3. SVD 3

1. 키워드

Principal Component Analysis(주성분분석)
Gram Matrix(그람행렬)
Low-Rank Approximation
Dimension-Reducing Transformation

2. Eigendecomposition in Machine Learning

In machine learning, we often handle symmetric positive (semi-)definite matrix.

Given a (feature-by-data item) matrix \(A \in \mathbb{R}^{m \times n}\), \(A^{T} A\) represents a (data item-by-data item) similarity matrix between all pairs of data items, where the similarity is computed as an inner product.

Likewise, \(A A^{T}\) represents a (feature-by-feature) similarity matrix between all pairs of features, indicating a kind of correlations between features.

Covariance matrix in principal component analysis
Gram matrix in style transfer

3. Low-Rank Approximation of a Matrix

Recall a rectangular matrix \(A \in \mathbb{R}^{m \times n}\), its SVD can be represented as the sum of outer products \(A=U \Sigma V^{T}=\sum_{i=1}^{n} \sigma_{i} \mathbf{u}_{i} \mathbf{v}_{i}^{T}\), where \(\sigma_{1} \geq \sigma_{2} \geq \cdots \geq \sigma_{n}\).

Consider the problem of the best low-rank approximation of \(A\):

\[ {\hat{A}_{r}}=\arg \min_{A_{r}}\left\|A-A_{r}\right\|_{F} \text{ subject to } \operatorname{rank}\left(A_{r}\right) \leq r \]

The optimal solution is given as \({\hat{A}_{r}}=\sum_{i=1}^{r} \sigma_{i} \mathbf{u}_{i} \mathbf{v}_{i}^{T}\), where \(\sigma_{1} \geq \sigma_{2} \geq \cdots \geq \sigma_{{r}}\).

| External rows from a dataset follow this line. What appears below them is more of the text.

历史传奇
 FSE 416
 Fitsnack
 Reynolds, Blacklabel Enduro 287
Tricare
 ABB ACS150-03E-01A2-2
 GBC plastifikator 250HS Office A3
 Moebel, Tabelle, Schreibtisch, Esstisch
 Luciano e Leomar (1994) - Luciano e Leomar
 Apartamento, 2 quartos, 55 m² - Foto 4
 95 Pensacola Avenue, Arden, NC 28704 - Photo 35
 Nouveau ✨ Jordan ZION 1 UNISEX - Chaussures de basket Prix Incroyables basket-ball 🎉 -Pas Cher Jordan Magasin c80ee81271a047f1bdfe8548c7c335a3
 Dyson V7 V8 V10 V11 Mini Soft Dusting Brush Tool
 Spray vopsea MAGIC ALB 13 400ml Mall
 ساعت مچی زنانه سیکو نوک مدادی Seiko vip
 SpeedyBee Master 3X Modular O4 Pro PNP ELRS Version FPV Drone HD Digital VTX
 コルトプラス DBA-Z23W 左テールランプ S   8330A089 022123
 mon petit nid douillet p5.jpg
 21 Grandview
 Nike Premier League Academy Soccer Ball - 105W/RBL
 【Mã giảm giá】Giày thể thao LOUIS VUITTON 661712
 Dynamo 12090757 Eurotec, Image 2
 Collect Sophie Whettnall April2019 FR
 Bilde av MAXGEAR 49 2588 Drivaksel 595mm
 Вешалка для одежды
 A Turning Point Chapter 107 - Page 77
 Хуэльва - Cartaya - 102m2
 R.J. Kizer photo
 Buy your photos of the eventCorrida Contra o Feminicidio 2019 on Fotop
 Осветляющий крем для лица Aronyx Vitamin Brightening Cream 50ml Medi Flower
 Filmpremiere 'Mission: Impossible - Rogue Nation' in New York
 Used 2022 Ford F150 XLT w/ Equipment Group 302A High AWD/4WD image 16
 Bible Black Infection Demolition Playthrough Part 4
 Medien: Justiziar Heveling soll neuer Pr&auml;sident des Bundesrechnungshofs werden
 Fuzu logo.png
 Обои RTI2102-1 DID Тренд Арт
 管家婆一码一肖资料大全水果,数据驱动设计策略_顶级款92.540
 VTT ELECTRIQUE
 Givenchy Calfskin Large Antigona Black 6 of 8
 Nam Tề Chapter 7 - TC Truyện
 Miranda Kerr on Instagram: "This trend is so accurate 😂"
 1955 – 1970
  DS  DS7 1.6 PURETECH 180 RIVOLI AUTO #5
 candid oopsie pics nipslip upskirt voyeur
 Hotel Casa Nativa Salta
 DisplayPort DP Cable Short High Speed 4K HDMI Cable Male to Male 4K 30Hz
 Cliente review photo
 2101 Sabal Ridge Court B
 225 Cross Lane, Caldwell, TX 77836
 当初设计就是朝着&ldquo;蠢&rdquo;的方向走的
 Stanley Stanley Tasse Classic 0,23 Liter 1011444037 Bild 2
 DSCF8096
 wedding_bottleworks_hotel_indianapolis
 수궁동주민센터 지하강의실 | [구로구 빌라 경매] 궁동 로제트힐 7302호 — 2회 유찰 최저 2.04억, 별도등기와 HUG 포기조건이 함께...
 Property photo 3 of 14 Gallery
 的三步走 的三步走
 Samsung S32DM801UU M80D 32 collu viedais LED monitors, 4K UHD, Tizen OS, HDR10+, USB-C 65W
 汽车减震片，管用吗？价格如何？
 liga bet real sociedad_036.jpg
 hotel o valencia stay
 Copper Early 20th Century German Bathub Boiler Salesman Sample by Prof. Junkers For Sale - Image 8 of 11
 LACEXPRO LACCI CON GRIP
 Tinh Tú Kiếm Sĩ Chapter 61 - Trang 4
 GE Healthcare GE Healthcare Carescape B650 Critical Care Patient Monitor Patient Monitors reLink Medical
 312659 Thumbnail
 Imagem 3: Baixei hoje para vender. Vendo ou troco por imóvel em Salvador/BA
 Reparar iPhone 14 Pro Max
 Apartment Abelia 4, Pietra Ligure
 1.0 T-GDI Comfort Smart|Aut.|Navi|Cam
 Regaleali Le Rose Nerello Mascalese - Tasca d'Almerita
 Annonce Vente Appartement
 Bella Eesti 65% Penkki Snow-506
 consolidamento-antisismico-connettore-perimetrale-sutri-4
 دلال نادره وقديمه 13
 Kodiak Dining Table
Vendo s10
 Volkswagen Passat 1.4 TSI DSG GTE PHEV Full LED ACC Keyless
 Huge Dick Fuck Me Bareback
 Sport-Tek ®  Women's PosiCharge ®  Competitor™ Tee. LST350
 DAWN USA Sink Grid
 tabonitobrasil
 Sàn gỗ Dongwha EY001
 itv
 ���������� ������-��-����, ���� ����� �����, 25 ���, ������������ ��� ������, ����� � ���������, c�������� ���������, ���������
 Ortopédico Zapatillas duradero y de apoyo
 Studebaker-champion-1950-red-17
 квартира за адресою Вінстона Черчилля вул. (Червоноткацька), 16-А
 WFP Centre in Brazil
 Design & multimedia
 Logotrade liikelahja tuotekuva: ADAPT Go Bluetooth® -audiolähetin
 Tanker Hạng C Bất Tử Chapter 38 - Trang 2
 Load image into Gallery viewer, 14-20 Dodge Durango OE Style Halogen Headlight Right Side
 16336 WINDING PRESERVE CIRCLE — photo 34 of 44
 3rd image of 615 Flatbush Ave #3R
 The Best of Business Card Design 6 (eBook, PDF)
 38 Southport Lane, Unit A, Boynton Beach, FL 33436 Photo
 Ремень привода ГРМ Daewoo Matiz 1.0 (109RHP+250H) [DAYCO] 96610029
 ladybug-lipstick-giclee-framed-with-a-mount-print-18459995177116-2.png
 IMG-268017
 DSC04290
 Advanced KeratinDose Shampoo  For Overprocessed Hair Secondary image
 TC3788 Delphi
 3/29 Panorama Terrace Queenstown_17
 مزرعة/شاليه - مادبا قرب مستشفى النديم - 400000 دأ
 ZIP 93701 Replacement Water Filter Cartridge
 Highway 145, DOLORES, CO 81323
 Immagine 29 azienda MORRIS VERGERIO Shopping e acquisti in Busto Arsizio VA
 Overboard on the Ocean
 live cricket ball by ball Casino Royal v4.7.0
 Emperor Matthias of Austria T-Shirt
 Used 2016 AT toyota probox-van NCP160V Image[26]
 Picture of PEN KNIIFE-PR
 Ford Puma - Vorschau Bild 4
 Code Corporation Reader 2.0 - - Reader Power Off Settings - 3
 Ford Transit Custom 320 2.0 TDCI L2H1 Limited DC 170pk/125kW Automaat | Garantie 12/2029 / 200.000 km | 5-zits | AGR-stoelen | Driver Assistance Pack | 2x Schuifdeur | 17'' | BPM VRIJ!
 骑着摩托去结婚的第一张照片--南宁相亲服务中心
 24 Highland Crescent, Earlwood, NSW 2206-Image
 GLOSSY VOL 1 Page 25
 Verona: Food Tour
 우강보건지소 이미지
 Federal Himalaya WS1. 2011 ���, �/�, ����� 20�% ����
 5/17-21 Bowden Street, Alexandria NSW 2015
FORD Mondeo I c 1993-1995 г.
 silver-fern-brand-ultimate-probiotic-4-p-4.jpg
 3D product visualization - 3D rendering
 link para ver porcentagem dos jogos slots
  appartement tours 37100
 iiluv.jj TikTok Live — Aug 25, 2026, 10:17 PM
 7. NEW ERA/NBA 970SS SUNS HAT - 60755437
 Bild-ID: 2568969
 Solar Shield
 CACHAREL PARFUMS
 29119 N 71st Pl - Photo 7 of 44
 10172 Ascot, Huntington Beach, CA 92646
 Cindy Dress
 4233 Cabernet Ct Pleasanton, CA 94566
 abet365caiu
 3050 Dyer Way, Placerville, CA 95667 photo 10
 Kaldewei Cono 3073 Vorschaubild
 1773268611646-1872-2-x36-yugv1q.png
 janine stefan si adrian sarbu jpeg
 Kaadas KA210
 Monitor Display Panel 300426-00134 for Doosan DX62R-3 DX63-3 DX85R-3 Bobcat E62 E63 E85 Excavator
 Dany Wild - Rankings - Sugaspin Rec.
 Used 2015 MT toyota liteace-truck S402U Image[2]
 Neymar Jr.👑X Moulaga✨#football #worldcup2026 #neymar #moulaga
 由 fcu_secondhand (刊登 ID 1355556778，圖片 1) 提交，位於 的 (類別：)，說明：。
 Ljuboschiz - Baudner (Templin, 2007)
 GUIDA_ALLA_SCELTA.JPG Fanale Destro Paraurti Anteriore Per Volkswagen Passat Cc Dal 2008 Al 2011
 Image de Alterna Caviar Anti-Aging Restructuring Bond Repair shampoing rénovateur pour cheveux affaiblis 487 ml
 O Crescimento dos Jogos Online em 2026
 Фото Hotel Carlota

We approximate \(A\) as \(A_{r}\) by setting \(\sigma_{i}=0\) for \(\forall i \geq(r+1)\):

\[ A=\sum_{i=1}^{{n}} \sigma_{i} \mathbf{u}_{i} \mathbf{v}_{i}^{T} \simeq {A_{r}}=\sum_{i=1}^{{r}} \sigma_{i} \mathbf{u}_{i} \mathbf{v}_{i}^{T}=U_{r} \Sigma_{r} V_{r}^{T} \]

4. Dimension-Reducing Transformation

Given a (feature-by-data item) matrix \(X \in \mathbb{R}^{m \times n}\), consider the linear transformation, \(G^{T}: \mathbf{x} \in \mathbb{R}^{m} \mapsto \mathbf{y} \in \mathbb{R}^{r}\), where \(G \in \mathbb{R}^{m \times r}\) and \(r<m\).

Can we find the linear transformation, \(\mathbf{y}_{i}=G^{T} \mathbf{x}_{i}\), where the columns of \(G \in \mathbb{R}^{m \times r}\) are orthonormal, that best preserves the pairwise similarity between data items, \(S=X^{T} X\)?

\(Y=G^{T} X\), and their pairwise similarity is written as \(Y^{T} Y=\left(G^{T} X\right)^{T} G^{T} X=X^{T} G G^{T} X\).

Then, the above problem is written as \({\widehat{G}}=\arg \min _{G}\left\|S-X^{T} G G^{T} X\right\|_{F}\) subject to \(G^{T} G=I_{k}\).

Given \(X=U \Sigma V^{T}=\sum_{i=1}^{n} \sigma_{i} \mathbf{u}_{i} \mathbf{v}_{i}^{T}\), where \(\sigma_{1} \geq \sigma_{2} \geq \cdots \geq \sigma_{n}\), the optimal solution is given as \({\widehat{G}}=U_{r}=\left[\begin{array}{llll}\mathbf{u}_{1} & \mathbf{u}_{2} & \cdots & \mathbf{u}_{r}\end{array}\right]\).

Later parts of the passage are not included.